Electrons are emitted from metals during photoelectric emission, thermionic emission and radioactive decay - Leaving Cert Physics - Question 8 - 2019

The electrons emitted during radioactive decay are referred to as beta (eta) particles.

A line emission spectrum is a series of discrete lines of color (frequencies) emitted by a material. It occurs when electrons in an atom absorb energy and move to higher energy levels. When these electrons return to their original states, they emit energy in the form of light at specific frequencies, corresponding to the energy differences between the levels.

Einstein's photoelectric equation is given by:
[ E_k = hf - \phi ]
where $E_k$ is the kinetic energy of the emitted electrons, $h$ is Planck's constant, $f$ is the frequency of the incident light, and $\phi$ is the work function of the material.

Point A represents the threshold frequency, which is the minimum frequency of incident radiation required to emit electrons from the metal surface.
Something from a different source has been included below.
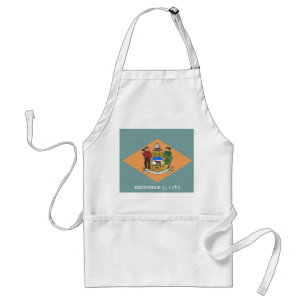 Apron with Flag of Delaware, U.S.A.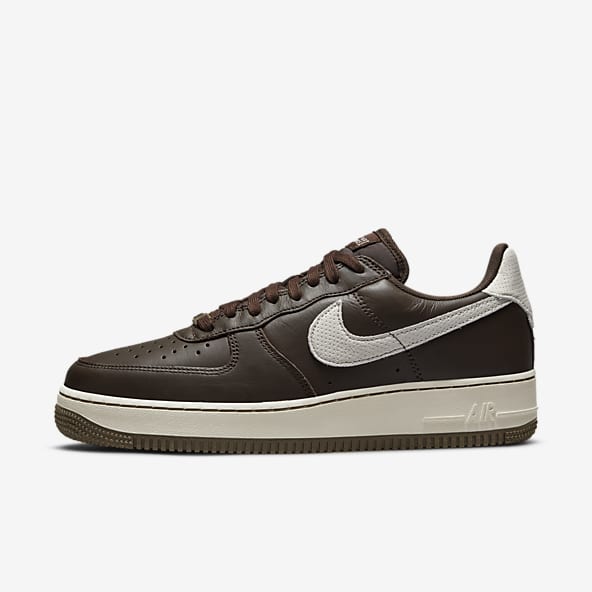 brown white air force 1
The slope of the graph represents Planck's constant, $h$. It indicates the relationship between the kinetic energy of emitted electrons and the frequency of the incident radiation.

First, we calculate the kinetic energy of the emitted electrons:
[ E_k = E - \phi = 4.15 \text{ eV} - 3.68 \text{ eV} = 0.47 \text{ eV} ]
Next, we convert the kinetic energy into joules:
[ E_k = 0.47 \text{ eV} \times 1.6 \times 10^{-19} \text{ J/eV} = 7.5 \times 10^{-20} \text{ J} ]
Using the kinetic energy formula:
[ E_k = \frac{1}{2} mv^2 ]
we can find the maximum velocity:
[ v = \sqrt{\frac{2E_k}{m}} ]
Substituting in the values:
[ m = 9.1 \times 10^{-31} \text{ kg} ]
[ v = \sqrt{\frac{2 \times 7.5 \times 10^{-20}}{9.1 \times 10^{-31}}} = 4.1 \times 10^6 \text{ m/s} ]

Electrons are produced in the cathode region of the X-ray tube, where a material is heated to facilitate thermionic emission.

The minimum wavelength can be found using the equation:
[ E = \frac{hc}{\lambda} ]
Where $E$ is the energy, $h$ is Planck's constant, $c$ is the speed of light, and $\lambda$ is the wavelength.
Converting 50 kV to joules:
[ E = 50 \times 10^3 \text{ eV} \times 1.6 \times 10^{-19} \text{ J/eV} = 8 \times 10^{-15} \text{ J} ]
Thus, using this energy value, we can find the minimum wavelength:
[ \lambda = \frac{hc}{E} = \frac{(6.63 \times 10^{-34})(3 \times 10^8)}{8 \times 10^{-15}} = 2.5 \times 10^{-11} \text{ m} ]
This corresponds to a minimum wavelength in X-rays.

1. Cooling system: X-ray tubes are often equipped with cooling systems to dissipate heat generated by the electrons when they strike the target.
2. Tungsten target: The target material is usually tungsten, which has a high melting point, allowing it to withstand the high temperatures produced during X-ray generation.